▶ Task
Search the material below for the word "trees". Copy every line that has it.

*** Begin section ***

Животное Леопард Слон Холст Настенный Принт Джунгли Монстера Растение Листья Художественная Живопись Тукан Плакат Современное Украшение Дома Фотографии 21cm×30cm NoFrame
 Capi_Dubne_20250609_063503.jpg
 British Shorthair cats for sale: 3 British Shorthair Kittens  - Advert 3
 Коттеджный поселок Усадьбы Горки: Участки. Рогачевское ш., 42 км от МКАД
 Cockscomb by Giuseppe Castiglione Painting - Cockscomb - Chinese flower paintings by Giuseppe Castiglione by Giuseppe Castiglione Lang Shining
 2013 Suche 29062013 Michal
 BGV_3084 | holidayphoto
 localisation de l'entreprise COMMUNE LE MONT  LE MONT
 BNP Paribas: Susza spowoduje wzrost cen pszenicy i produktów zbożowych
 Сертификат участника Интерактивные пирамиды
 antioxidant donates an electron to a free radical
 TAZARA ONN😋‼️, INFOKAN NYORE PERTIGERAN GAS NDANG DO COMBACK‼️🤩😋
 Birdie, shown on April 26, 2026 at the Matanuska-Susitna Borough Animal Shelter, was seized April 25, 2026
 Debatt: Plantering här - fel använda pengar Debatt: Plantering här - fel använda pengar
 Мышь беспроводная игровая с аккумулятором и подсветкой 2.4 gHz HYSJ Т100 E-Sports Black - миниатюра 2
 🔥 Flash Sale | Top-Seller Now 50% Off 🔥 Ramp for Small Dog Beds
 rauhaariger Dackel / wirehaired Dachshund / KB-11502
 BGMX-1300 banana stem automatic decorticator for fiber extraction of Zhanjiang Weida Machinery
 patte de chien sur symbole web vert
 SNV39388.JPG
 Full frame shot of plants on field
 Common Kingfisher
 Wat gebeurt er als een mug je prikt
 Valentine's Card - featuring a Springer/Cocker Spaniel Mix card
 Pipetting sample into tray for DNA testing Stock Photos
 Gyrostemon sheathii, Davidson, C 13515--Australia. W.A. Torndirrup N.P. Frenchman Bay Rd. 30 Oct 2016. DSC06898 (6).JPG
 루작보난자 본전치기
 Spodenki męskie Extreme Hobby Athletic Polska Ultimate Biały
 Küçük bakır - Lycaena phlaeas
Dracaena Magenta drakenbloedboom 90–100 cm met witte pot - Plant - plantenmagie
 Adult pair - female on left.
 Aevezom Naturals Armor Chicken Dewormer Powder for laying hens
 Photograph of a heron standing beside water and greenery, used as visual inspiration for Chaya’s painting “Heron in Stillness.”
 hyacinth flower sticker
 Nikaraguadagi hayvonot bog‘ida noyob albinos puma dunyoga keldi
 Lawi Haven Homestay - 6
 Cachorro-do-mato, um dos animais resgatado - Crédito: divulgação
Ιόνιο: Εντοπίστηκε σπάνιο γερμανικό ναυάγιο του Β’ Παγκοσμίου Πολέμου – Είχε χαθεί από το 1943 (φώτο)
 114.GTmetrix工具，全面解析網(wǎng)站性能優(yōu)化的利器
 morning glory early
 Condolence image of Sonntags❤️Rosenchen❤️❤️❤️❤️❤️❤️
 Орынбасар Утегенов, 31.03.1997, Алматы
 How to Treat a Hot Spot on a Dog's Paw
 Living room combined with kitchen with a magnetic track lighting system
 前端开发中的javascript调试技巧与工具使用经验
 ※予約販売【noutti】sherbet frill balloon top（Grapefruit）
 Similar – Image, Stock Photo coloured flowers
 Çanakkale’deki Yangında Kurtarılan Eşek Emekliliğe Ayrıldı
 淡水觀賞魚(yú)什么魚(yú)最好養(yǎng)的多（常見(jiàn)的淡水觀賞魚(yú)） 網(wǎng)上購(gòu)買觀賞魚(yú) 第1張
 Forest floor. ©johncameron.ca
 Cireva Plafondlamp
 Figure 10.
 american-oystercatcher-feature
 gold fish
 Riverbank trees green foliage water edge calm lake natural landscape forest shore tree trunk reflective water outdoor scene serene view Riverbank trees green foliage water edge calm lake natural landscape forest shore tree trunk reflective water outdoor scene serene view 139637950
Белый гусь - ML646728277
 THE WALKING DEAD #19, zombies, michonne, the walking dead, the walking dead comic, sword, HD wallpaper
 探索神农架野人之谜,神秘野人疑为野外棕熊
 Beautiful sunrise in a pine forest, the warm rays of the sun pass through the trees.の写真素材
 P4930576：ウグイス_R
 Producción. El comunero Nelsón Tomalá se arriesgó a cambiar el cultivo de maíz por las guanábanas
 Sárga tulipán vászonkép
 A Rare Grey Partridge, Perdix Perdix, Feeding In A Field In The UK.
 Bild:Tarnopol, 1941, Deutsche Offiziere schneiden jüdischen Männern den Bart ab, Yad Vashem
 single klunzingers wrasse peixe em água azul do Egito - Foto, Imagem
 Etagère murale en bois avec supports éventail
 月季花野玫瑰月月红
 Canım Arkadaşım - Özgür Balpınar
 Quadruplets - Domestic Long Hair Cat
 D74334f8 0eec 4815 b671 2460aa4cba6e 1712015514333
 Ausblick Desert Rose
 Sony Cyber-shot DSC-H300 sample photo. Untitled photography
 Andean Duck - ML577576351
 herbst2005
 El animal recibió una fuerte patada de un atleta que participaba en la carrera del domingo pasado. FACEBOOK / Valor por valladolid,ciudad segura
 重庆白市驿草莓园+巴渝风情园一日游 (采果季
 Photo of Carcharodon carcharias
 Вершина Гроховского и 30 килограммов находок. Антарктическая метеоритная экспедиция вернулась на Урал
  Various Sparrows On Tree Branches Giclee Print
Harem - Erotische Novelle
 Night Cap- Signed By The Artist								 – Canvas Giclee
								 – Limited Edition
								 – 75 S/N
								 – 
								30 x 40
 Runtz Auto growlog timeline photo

*** End section ***

▶ Written solution
 Riverbank trees green foliage water edge calm lake natural landscape forest shore tree trunk reflective water outdoor scene serene view Riverbank trees green foliage water edge calm lake natural landscape forest shore tree trunk reflective water outdoor scene serene view 139637950
 Beautiful sunrise in a pine forest, the warm rays of the sun pass through the trees.の写真素材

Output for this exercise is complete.